North Dakota is no California, and Sen. David Hogue wants to keep it that way.
Hogue, R-Minot, told the House Judiciary Committee on Wednesday that initiated measures drove California’s debt to more than $335 billion.
After proposals in recent years for initiated measures that could have cost North Dakota millions of dollars, Hogue decided to try make sure the state doesn’t go the way of California.
His effort became Senate Concurrent Resolution 4006, a proposed constitutional amendment that would give the Legislature the last word on initiated measures that cost more than $50 million.
Under the measure, at least 40 percent of legislators would have to approve an initiated measure when the fiscal impact exceeds $50 million.
After approval of a measure, a three-member committee consisting of the chairman of legislative management, the director of the Office of Management and Budget, and the tax commissioner would have 30 days to determine the cost of the measure.
If it is more than the $50 million threshold, it would be referred to the Legislature, which in the first 30 days of the next session would decide the fate of the measure.
“You cannot make good spending decisions at the ballot box,” Hogue said, using the experience of California to support his point.
“California was once the most prosperous state in the nation,” Hogue said, “and they had the budget surpluses we enjoy today.”
But a series of costly initiated measures proposed by special interest groups turned that around, he said.
Today, Hogue said, many California convenience stores won’t accept state-issued credit cards because of the state’s huge debt. Left unchecked, that could happen in North Dakota, he said.
Recent initiatives to eliminate the state’s property tax and to create a $100 million heritage fund are examples of what could happen.
The property tax measure, which Hogue said would have cost the state $1.8 billion, was defeated by voters, and the heritage fund measure never made it to the ballot.
But Hogue argued, “As long as we have prosperity and a surplus, special interest groups will continue to come forward with ideas of how to spend money.”
He said it’s logical that special interest groups would be willing to spend a small amount of money to access a potentially large pot of gold.
There was no testimony in opposition to the measure, though committee members raised some questions.
Rep. Lois Delmore, D-Grand Forks, suggested citizens might view the measure as the Legislature micro-managing the initiated measure process.
Rep. Kim Koppelman, R-West Fargo, questioned whether it should include some restriction on the type of issues that could be added to the constitution.
“There are a lot of things in the constitution that probably don’t belong there,” he said.
“The constitution is like the skeleton, and the century code is the meat on the bones,” he said.
Rep. William Kretschmar, R-Venturia, said the Legislature already has oversight over initiated measures as long as it can muster a two-thirds vote to change the decision of voters.
The Judiciary Committee did not take a vote on Hogue’s proposal, which earlier passed the full Senate by a vote of 28-19.
Foundation Aid Stabilization Fund
Hogue also presented the committee with information on another proposed constitutional amendment.

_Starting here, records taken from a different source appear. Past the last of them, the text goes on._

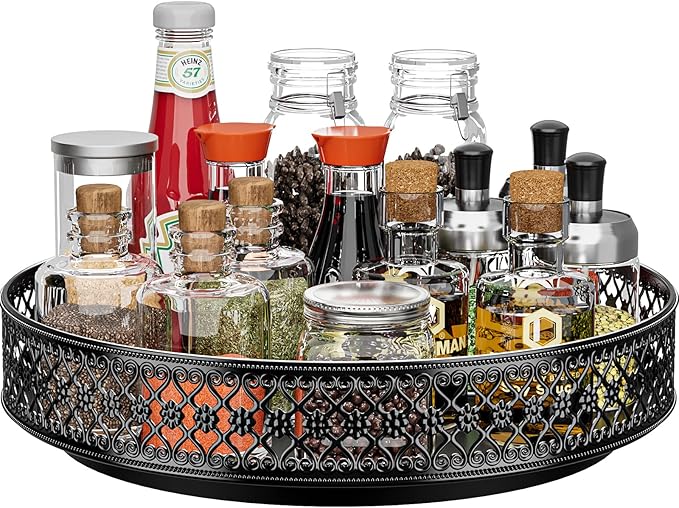 Ovicar Lazy Susan Turntable Organizer - 13 inch Rotating Spice Rack Metal Lazy Susan for Cabinet Pantry Kitchen Countertop Dining Table Cupboard Bathroom Vanity Refrigerator Black-Ruum Studio Home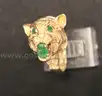 14k Yellow Gold Tiger Head Ring with Green Stones, 13.4 Grams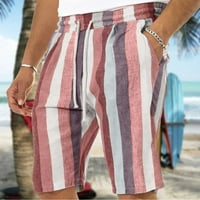 Muške hlače muškarci Čvrsti povremeni elastični struk Stripe Pocket hlače na plaži Hlače crvene 12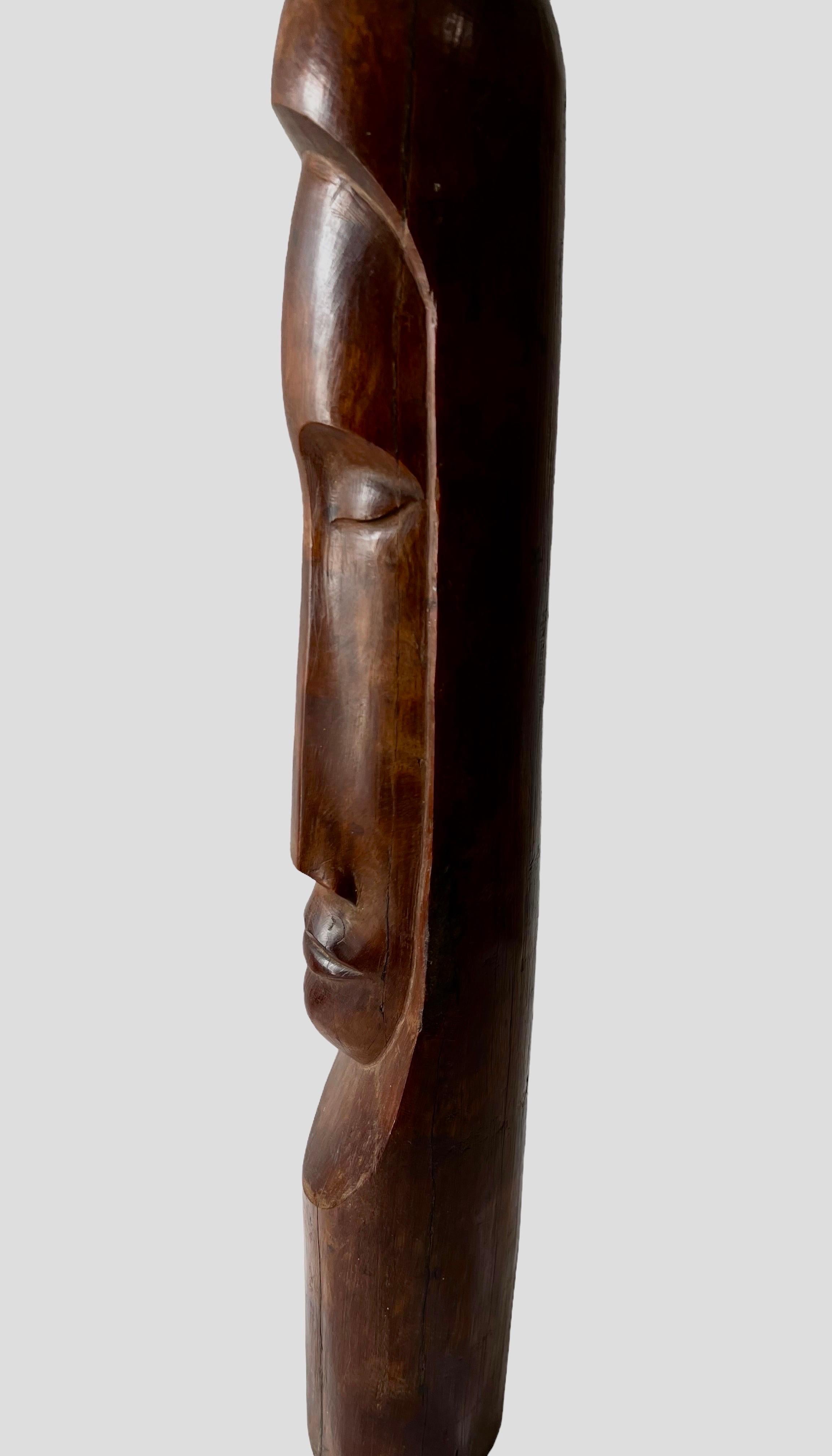 Cuban Master Florencio Gelabert Sculpture Large Wood Carving Bust Man Portrait For Sale 15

He said Senate Concurrent Resolution 4010 would limit contributions into the Foundation Aid Stabilization Fund.
A 1980 constitutional amendment designated a portion of oil extraction tax proceeds to the fund, which has grown to $606 million.

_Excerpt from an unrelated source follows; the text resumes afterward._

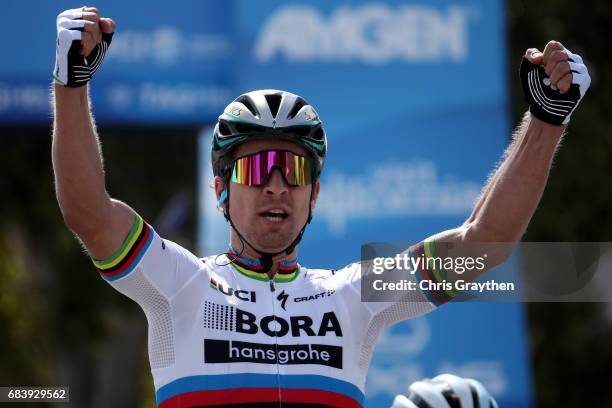 Peter Sagan of Slovakia, riding for Bora-hansgrohe celebrates after winning stage 3 of the AMGEN Tour of California from Pimo Beach to Morro Bay on...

Hogue said the fund can only be used for schools, and only when the governor makes across-the-board spending cuts to deal with severe budget shortfalls.
“It’s a stranded investment,” Hogue said.
The proposed amendment would cap the amount going into the fund, and would allow the Legislature some discretion in spending from it.
The only opposition came from Bev Nielson of the North Dakota Council of Educational Leaders, who asked that the bill be amended so that the fund can only be used for educational purposes.